On the bank's gross non-performing assets, Kumar said he is expecting a reduction by Rs 50,000 crore. The gross NPA for the bank in Q4 stood at Rs 2.2 lakh crore as against the Rs 1.99 lakh crore in Q3.
The bank stock surged in trade after posting its Q4 results as the investors seemed to be convinced that the bank is on a healthy recovery path from the recent bad loans mess in the banking sector.
Kumar said the recovery in written off accounts has increased by 35% and said the first list of the resolution cases in NCLT is expected to be resolved by the second quarter of the current financial year.
On the recent Bhushan steel resolution case development, Kumar said a recovery of interest and income of Rs 1500 crore from the case is expected.
On RBI's recent NPA circular, Kumar said, "Rs 50,000 crore of the stressed assets as of third quarter in the last financial year had many standard accounts
5/25, SDR, among others, but now all are history due to RBI’s circular."
On NCLT's second list, Kumar said that he expects the accounts to be resolved by the end of this financial year and he said that there is more clarity in the first list in terms of the accounts' resolution.
India's banking sector has been facing the NPAs problem at large. The Reserve Bank of India (RBI), last year, had released a list of large defaulters, where SBI was among those banks which had lent the maximum to such defaulters.

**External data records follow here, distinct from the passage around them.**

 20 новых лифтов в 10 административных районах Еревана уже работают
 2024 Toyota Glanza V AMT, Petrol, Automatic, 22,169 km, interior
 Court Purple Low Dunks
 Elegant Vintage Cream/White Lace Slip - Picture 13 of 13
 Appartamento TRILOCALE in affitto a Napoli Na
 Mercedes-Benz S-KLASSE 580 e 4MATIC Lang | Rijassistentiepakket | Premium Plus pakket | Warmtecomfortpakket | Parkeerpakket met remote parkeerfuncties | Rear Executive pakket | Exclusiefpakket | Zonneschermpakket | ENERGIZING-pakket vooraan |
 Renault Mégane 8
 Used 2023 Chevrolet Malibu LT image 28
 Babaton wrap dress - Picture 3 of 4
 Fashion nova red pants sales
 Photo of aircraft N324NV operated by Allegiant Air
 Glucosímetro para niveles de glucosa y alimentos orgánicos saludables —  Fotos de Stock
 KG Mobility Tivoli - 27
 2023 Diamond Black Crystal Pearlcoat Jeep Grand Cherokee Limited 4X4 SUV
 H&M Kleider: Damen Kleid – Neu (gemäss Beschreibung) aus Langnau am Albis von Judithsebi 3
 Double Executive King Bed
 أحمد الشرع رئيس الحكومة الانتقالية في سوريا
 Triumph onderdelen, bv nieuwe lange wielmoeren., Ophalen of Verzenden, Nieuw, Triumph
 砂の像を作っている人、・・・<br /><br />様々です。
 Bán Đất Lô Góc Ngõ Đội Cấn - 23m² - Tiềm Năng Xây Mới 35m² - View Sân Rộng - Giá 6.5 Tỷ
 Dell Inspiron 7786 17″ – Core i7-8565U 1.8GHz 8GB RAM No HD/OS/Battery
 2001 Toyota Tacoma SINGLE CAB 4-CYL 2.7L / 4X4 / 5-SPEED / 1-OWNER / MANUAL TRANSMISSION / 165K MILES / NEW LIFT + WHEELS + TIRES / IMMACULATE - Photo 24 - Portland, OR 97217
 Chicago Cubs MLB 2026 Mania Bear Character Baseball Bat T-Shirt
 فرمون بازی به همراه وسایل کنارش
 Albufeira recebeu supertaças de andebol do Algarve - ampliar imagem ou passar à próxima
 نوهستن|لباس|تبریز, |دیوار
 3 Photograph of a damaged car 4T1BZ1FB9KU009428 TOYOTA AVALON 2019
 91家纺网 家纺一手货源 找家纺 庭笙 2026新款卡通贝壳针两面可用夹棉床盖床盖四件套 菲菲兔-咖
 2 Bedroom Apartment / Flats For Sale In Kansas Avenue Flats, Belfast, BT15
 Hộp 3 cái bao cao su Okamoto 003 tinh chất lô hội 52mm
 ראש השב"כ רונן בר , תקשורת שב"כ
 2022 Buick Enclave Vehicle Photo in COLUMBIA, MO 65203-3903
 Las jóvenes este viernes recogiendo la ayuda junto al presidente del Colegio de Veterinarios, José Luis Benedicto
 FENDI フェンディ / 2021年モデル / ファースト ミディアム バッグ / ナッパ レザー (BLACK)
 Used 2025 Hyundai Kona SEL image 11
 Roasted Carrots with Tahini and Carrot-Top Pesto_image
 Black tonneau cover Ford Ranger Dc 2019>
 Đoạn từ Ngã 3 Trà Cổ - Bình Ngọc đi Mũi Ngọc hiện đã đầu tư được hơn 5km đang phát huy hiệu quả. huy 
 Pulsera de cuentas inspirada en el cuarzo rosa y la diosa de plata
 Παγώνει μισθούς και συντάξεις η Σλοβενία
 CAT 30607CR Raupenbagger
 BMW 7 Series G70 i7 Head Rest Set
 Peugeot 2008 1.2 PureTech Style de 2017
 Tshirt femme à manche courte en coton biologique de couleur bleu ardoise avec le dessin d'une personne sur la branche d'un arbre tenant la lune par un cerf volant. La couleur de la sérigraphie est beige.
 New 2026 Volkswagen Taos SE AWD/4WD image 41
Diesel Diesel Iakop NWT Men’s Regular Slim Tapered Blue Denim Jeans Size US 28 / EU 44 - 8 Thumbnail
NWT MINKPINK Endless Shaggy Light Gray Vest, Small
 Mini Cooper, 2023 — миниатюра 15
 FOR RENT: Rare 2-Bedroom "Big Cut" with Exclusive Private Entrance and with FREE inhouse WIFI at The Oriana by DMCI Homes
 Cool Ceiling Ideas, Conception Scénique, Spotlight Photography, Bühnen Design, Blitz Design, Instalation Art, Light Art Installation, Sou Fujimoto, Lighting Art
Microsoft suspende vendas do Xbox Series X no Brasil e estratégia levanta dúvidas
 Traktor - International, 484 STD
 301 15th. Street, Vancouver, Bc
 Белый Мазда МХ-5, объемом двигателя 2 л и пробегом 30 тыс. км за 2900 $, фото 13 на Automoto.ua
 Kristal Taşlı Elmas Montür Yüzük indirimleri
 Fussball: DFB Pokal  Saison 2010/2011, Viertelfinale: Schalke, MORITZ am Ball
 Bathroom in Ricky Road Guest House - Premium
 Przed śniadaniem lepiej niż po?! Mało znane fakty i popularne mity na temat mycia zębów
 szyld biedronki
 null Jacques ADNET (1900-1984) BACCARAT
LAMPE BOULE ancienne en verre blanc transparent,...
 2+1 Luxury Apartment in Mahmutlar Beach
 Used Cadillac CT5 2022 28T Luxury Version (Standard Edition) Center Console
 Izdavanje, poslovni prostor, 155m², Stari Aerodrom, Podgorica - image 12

The debt-laden companies are still facing their insolvency procedures under the Insolvency and Bankruptcy Code (IBC).
"There are some signs of recovery amongst working capital cycle and few large ticket sized projects, " Kumar said on the bank's business, and said that the bank may require an additional Rs 20,000 crore of capital this fiscal.
On the bank's business plans, he said the bank is looking to divest stake in its subsidiaries and list SBI mutual funds, SBI cards and SBI General by next financial year.
He said that the bank is expecting some stake sale in SBI General, but there are no plans to list it this financial year.
Kumar said that the bank will look to dilute around 5% stake in its life insurance subsidiary at a good value.